In spite of the murders of working people, in spite of imperialist wars and atomic bombs, in spite of all the horrors the present masters of the world. can cook up for them, the working people will fight through to a greener Spring.

Do you think such a Spring will not come? Do you think the working people will not rise? This May Day they are already marching by the hundreds of thousands in other parts of the world. Soon they will march by the millions in this country.

Leave aside the original May Day, the Homestead strike, the heroic struggles of the 80’s and 90’s. Forget about the great sitdowns of the Thirties, and the magnificent class struggles of recent years. Call them all accidents if you like, freaks of history if you want to.

But just consider then, the think with which you are most familiar. Consider the whole working-class winter that conceals under its frozen breast the elements of spring.

Consider the daily work in the mines, in the steel mills, in the factories – hard, heavy, dusty, dirty. The people are bound to the wheel of labor – week after week, year after year, just to keep their families fed, just to fix things, they hope, so their children will have it easier than they did. Is there no heroism here? – Why, every day of their lives is heroic, with the grinding heroism of the unwilling slave.

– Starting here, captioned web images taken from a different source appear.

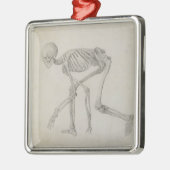 Humaan skelet: Lateraal uitzicht in Crouching Post Metalen Ornament (Links)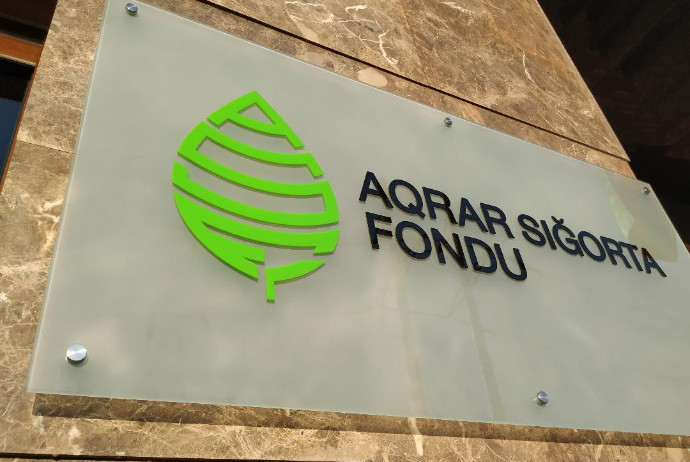 ASF: Fermerlər üzüm sahələrinə görə 168 min manat sığorta ödənişi alıb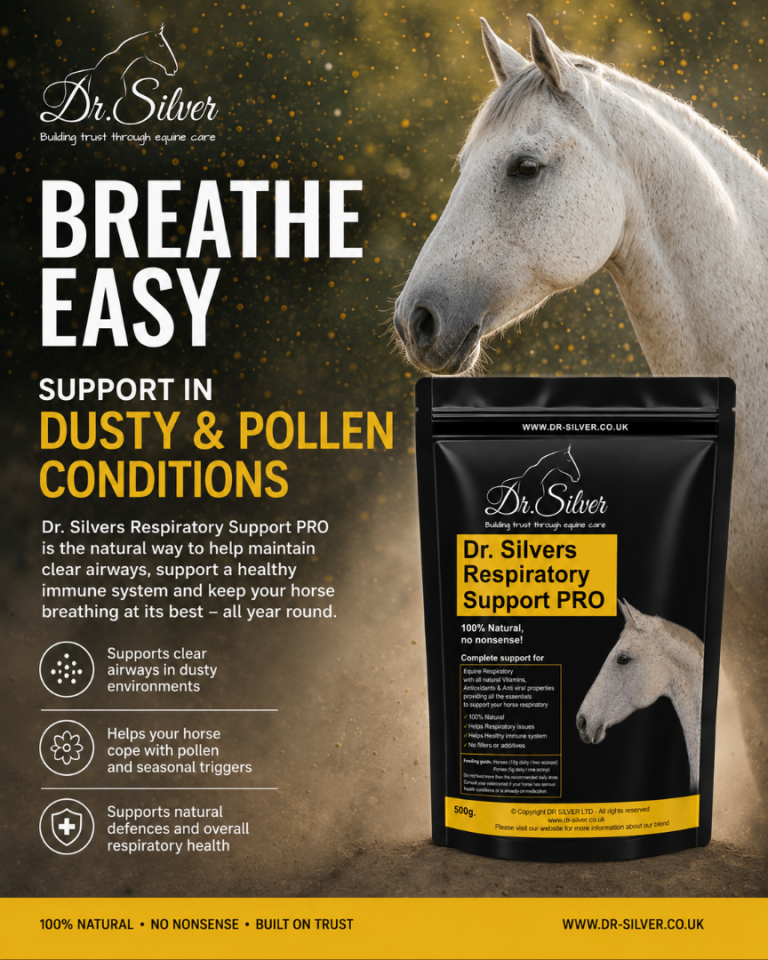 Dr Silver Equine Supplements & Infra red/RedRelief Devices Supporting Horses Naturally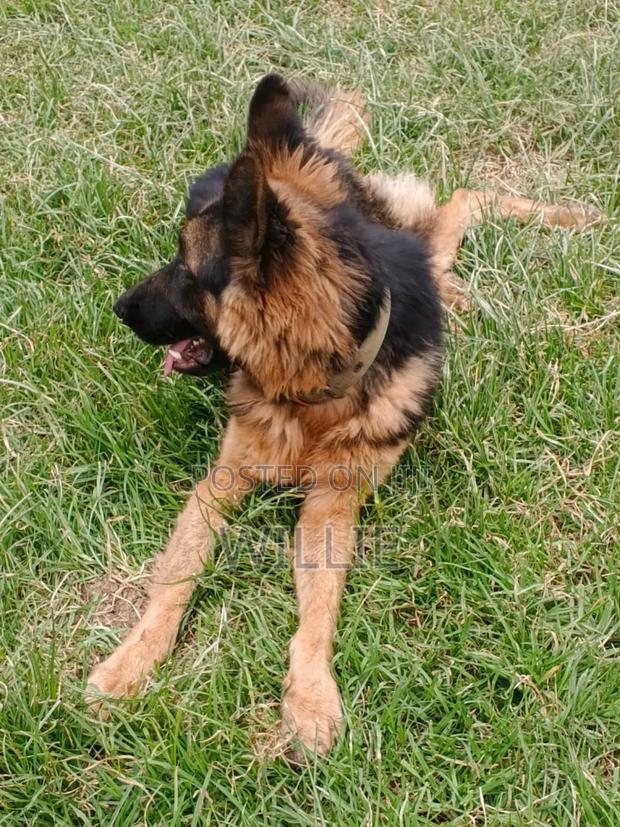 1+ year Male Purebred German Shepherd - thumbnail 2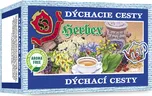 Herbex Dýchací cesty 20 x 3 g 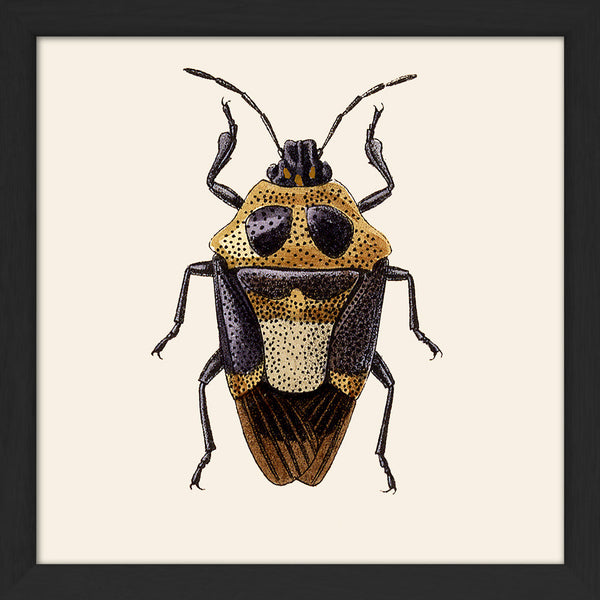 Beetle. Mini Print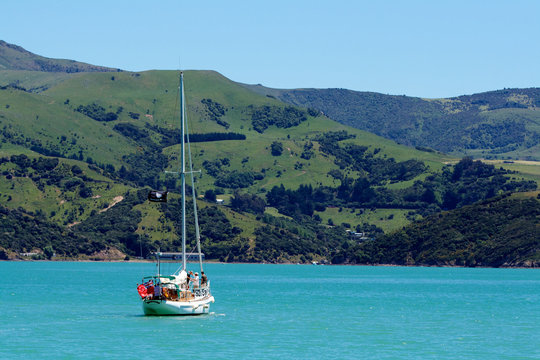 akaroa sailing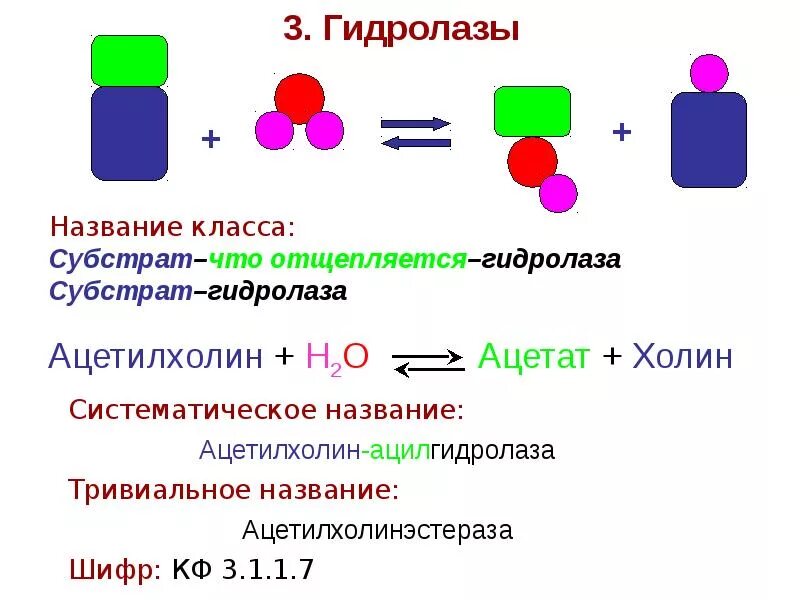 Химическая реакция катализируемая ферментом. Схема реакции гидролазы. Классификация ферментов гидролазы. Гидролазы катализируют реакции. Гидролазы ферменты реакция.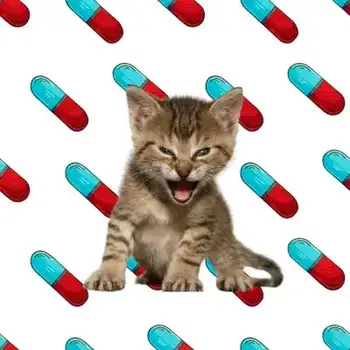 METHAMPHETA•MEME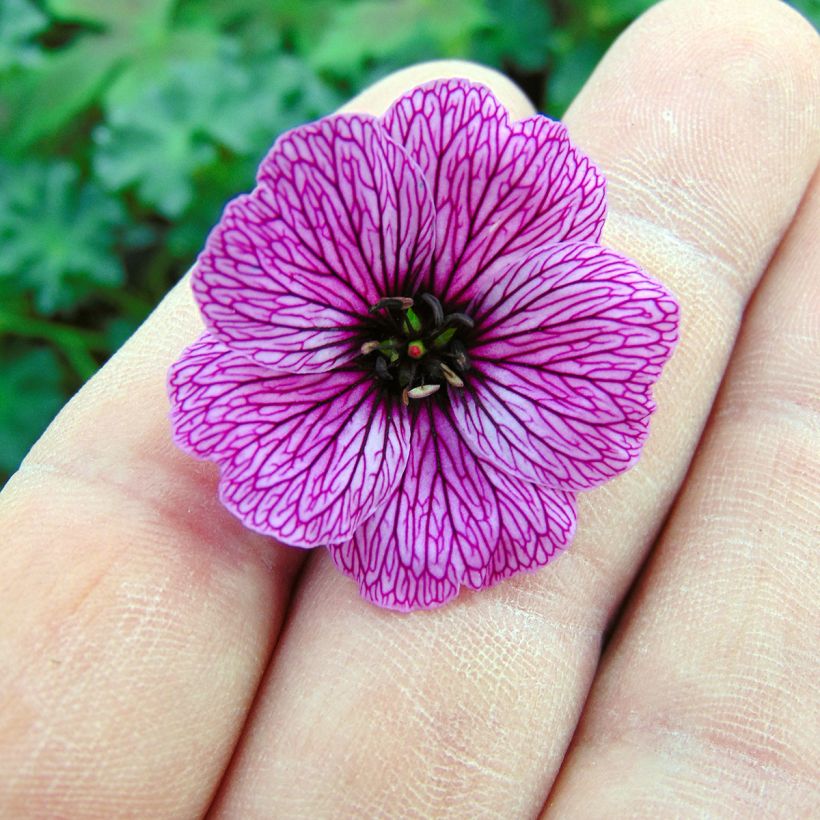 Geranium cinereum Laurence Flatman (Flowering)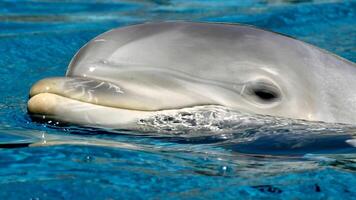 jong nieuwsgierig tuimelaar dolfijn glimlacht, speels gemeenschappelijk tursiops truncatus detailopname zwemmen onderwater. jumping uit van water foto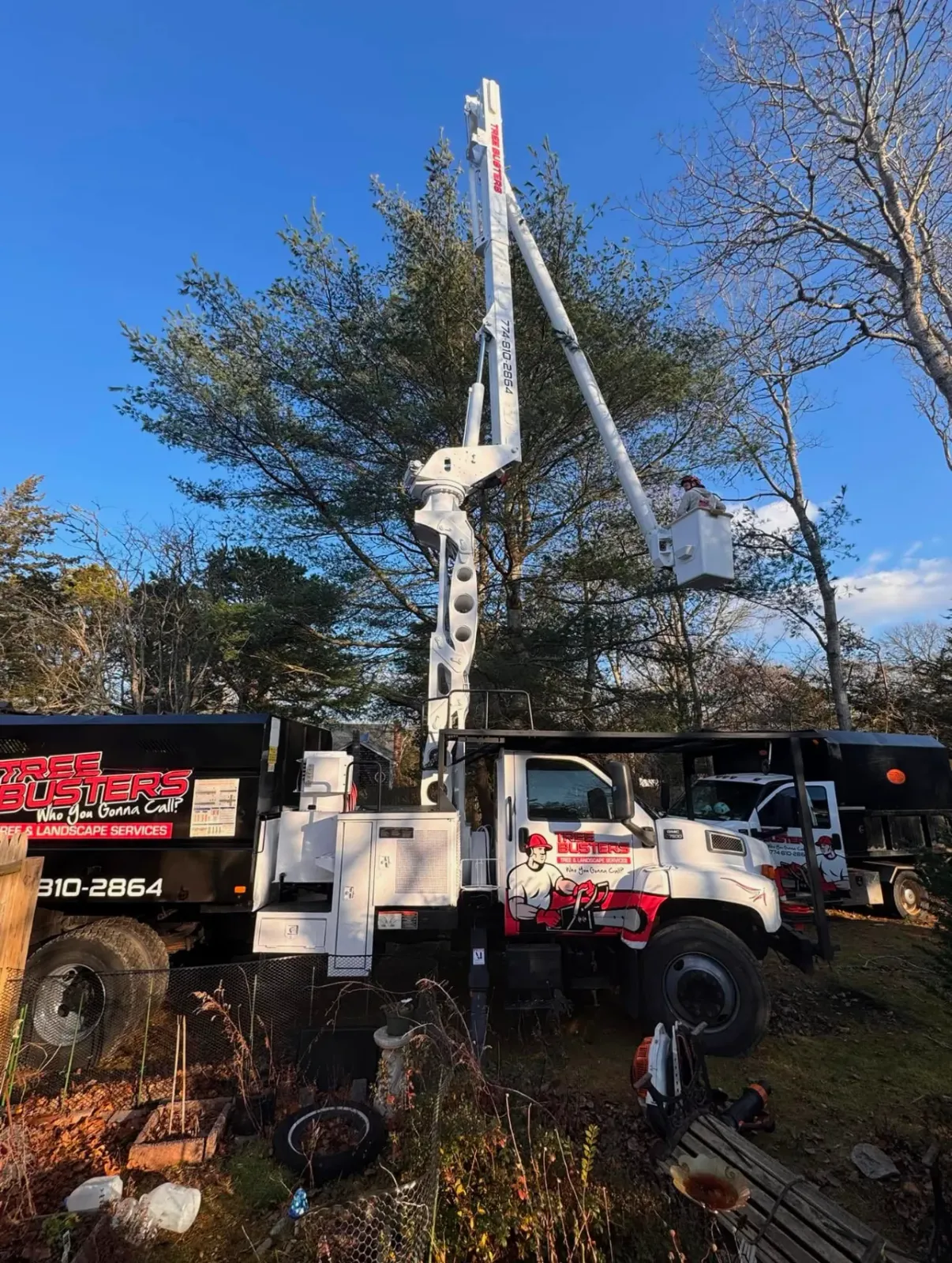 work photo from treebusterscapecod.com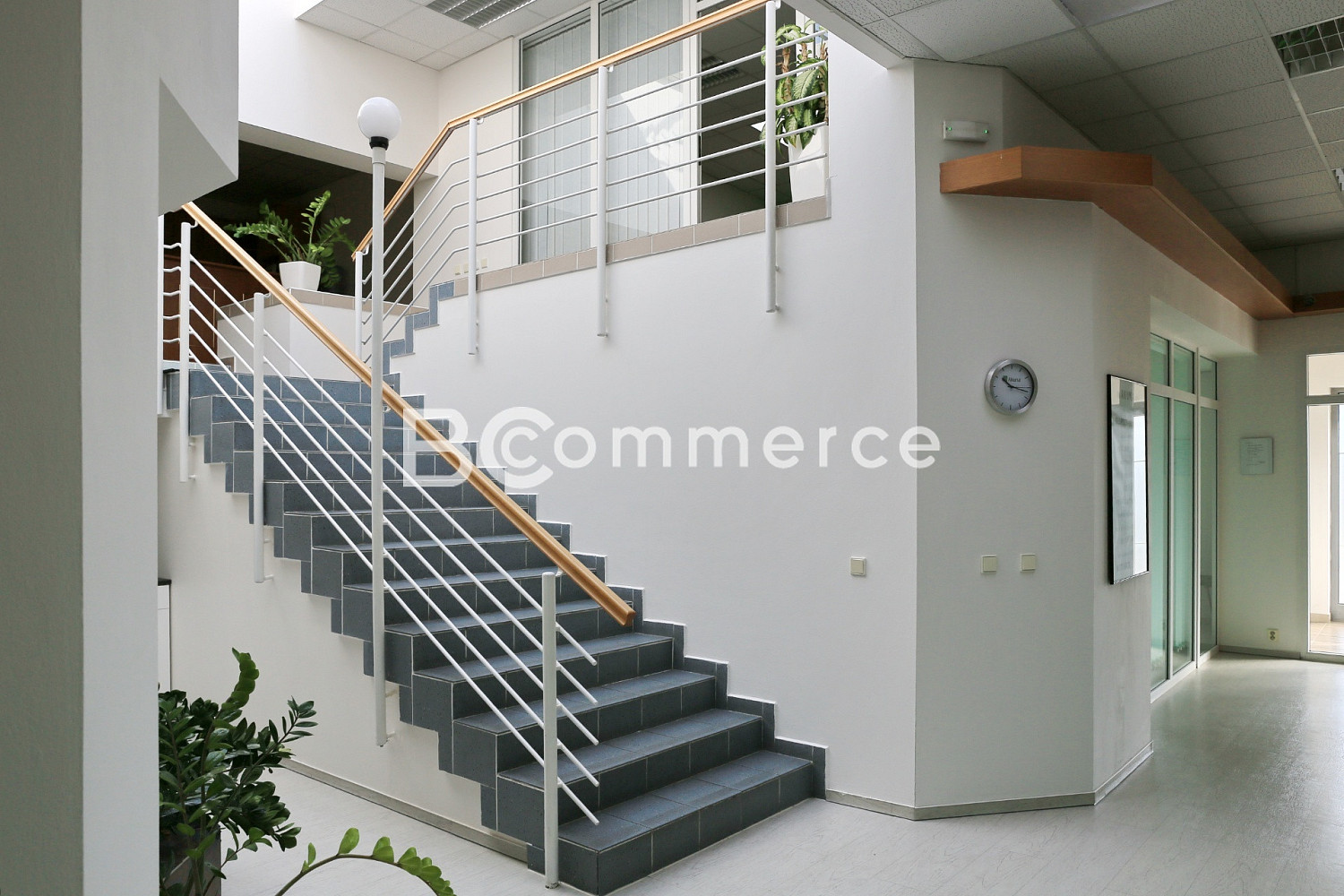 Pronájem kanceláře 504 m² — photo 3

This lifetime of slow struggle is going to be transformed suddenly into the direct struggle of workers against bosses on the gigantic picket line of socialist revolution – that is, the fight for them really to get a better life for their children – the socialist fight for a better world. Then we shall see the long-stretched-out days of labor transformed into the flashing storms of revolt. We shall see the workers give up everything so that their wives and children can be free.